Con regularidad, a los cristianos se nos condena por ser dogmáticos y por no estar dispuestos a afrontar la realidad a causa de nuestra postura en cuestiones de política social. Pero cuando se trata de la familia, son nuestros críticos quienes pecan de dogmatismo.
El compromiso de los auto-denominados liberales con la “igualdad” es tal que no pueden aceptar la evidencia de que un matrimonio entre un hombre y una mujer suele producir el mejor resultado para los niños. Su compromiso previo con la igualdad los obliga a negar esta verdad objetiva, defendiendo la llamada “diversidad de las familias” que convierte el matrimonio en una de tantas formas de familia y lleva a imaginar que no hay motivo de preocupación por el hecho de que cada vez más niños sean criados sin el beneficio de un padre y una madre unidos en matrimonio.
La mayor parte de los cristianos conserva una idea tradicional de la familia, y por lo tanto la creciente creencia de que ese punto de vista es un “prejuicio antiguo y desacreditado” resulta muy amenazadora para nuestros opositores.

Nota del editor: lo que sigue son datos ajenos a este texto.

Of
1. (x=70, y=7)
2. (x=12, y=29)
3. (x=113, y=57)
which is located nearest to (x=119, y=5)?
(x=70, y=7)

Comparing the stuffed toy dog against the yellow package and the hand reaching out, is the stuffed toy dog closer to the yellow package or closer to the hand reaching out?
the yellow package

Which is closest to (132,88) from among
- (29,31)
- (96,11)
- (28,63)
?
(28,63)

Esta creencia “progresista” ya ha obligado a cerrar las agencias de adopción cristianas en el Reino Unido y otros lugares y el vice primer ministro británico Nick Clegg, durante la campaña para las elecciones generales, afirmó que las escuelas religiosas deberían estar obligadas a enseñar que las conductas homosexual y heterosexual son igualmente lícitas desde el punto de vista moral. Cada vez más, se intenta hacer callar a quienes creen idealmente que un niño debe ser criado por su padre y su madre.

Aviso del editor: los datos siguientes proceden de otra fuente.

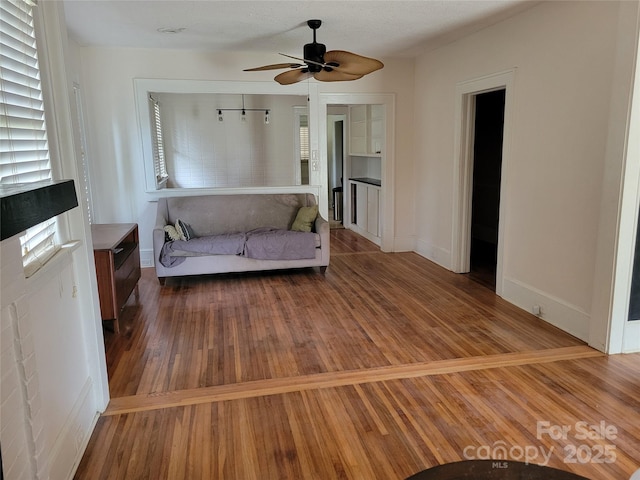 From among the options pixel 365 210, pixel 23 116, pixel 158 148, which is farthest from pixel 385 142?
pixel 23 116

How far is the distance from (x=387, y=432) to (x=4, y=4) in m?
2.35

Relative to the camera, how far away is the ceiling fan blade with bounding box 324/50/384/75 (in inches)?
134

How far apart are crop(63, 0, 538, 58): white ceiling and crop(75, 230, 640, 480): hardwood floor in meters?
2.49

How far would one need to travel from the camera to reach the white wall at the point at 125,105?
16.7 feet

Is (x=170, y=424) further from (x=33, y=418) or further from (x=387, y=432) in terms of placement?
(x=387, y=432)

Tal como hemos mencionado, todo esto forma parte de la creencia generalizada de que las formas tradicionales de religión son inherentemente discriminatorias y anti-igualitarias y, en esencia, manifestaciones de prejuicios. Por lo tanto, la plaza pública debe ser higienizada de toda religión y suprimidas las expresiones de ciertas creencias religiosas.

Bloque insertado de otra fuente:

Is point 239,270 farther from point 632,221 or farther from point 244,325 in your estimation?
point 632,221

El movimiento secularista ve las formas tradicionales de religión como una afrenta a la igualdad y la racionalidad e intenta imponer en la sociedad lo que podríamos llamar un laicismo que margine la religión de la vida pública. Este laicismo pretende obligar a nuestros hijos a aprender una moral sexual que contradice los deseos de nosotros como padres cristianos, en franca violación a la Constitución de la República, a la Convención Americana sobre Derechos Humanos y a la Ley General de Educación. El proyecto de ley de salud sexual y reproductiva que cursa en la Cámara de Diputados es una evidencia de la afirmación anterior.
Las organizaciones cuyos valores se consideran contrarios al principio de trato igualitario deben ser clausuradas u obligadas a modificar sus principios. Pensemos en el proyecto de ley de cultos sometido por el senador de Barahona. Esto constituye una infracción a la separación entre iglesia y Estado, dado que el Estado ataca con ello directamente la autonomía de las asociaciones religiosas.
Esta agresividad secular pretende limitar el derecho de libertad de conciencia de los ciudadanos creyentes. En Europa Occidental, los oficiales del Estado Civil pueden ser amonestados o incluso encarcelados si se niegan a oficiar ceremonias de unión civil o bodas para parejas de personas del mismo sexo. Los farmacéuticos tienen que estar dispuestos a dispensar la píldora del día después. Los doctores deben estar dispuestos a realizar abortos en aras de los “derechos reproductivos”.
Lo que estamos presenciando en Europa Occidental y algunas regiones de Estados Unidos es el ascenso, o más bien, el retorno, de una nueva forma de absolutismo moral basado en la priorización del valor de la igualdad sobre todos los demás valores. Rechacemos esta invasión cultural y defendamos nuestro espacio en la vida pública.